There's a new poll showing that a majority of Republicans doubt that President Obama was born in the United States. Are they paranoid-type thinkers, like the 9/11 Truthers, looking for things to connect up and suspecting that conspiracies lie underneath things that other people think are as they've been presented in the media?
I think we need to see that they are not. They have one issue. One question. They have suspicion about one thing, and that suspicion notably hasn't led them into other theories. There's one factual issue — the immensely important matter of the President's qualification — that hasn't been nailed down to their satisfaction.
It's perfectly rational to take as your working theory that evidence that isn't produced would run counter to the interest of the party who could produce it and does not. In legal cases, if a party fails to produce a document requested in discovery, the judge can deem that the fact is established to be what the party seeking discovery is trying to prove. (See Federal Rules of Civil Procedure 37(b)2)(A)(i)).

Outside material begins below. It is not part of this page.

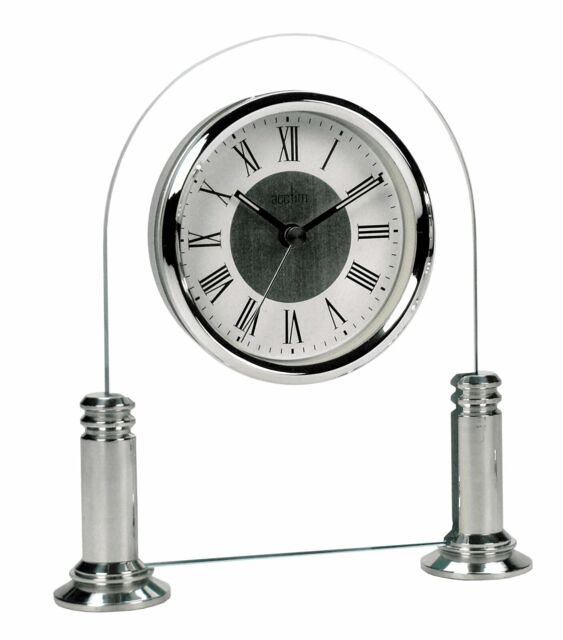 Mantel Clock Polished Metal Clear Glass Traditional Office Table Desk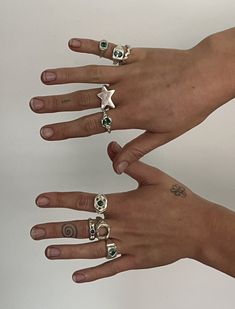 Sterling Silver Aesthetic, Etsy Silver Rings, Silver Rings Hand, Statement Jewelry Silver, 90s Silver Jewelry, Silver Ring Collection, Silver Ring Chunky, Funky Rings Silver, Eclectic Silver Jewelry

All I'm saying is that it's not paranoid to answer the question the way the majority did in that poll. I haven't followed the so-called "birthers" that much. Presumably, some of them branch out into other theories and cross over into conspiracy thinking and paranoia. But it's absurd to read the poll results as a sign that the GOP is full of folks like that. If you really wanted to gauge the nuttiness of Republicans, you could do a much more fine-grained poll about what Republicans believe and how strongly the birther issue correlates to other beliefs.